§ **Problem statement**
In the entries that follow, find the line containing "Family group, WWI"; from there, copy every line exactly through the line containing "Slide: The Image".

§ **Input data**
* * *
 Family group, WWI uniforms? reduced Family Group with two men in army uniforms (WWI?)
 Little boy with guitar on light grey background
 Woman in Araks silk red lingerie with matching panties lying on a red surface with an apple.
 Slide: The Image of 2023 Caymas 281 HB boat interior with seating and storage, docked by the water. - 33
* * *
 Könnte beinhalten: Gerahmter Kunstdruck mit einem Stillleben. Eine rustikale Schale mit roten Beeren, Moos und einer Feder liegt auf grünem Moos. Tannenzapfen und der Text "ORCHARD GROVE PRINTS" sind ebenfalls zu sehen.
* * *
§ **Solved exercise**
 Family group, WWI uniforms? reduced Family Group with two men in army uniforms (WWI?)
 Little boy with guitar on light grey background
 Woman in Araks silk red lingerie with matching panties lying on a red surface with an apple.
 Slide: The Image of 2023 Caymas 281 HB boat interior with seating and storage, docked by the water. - 33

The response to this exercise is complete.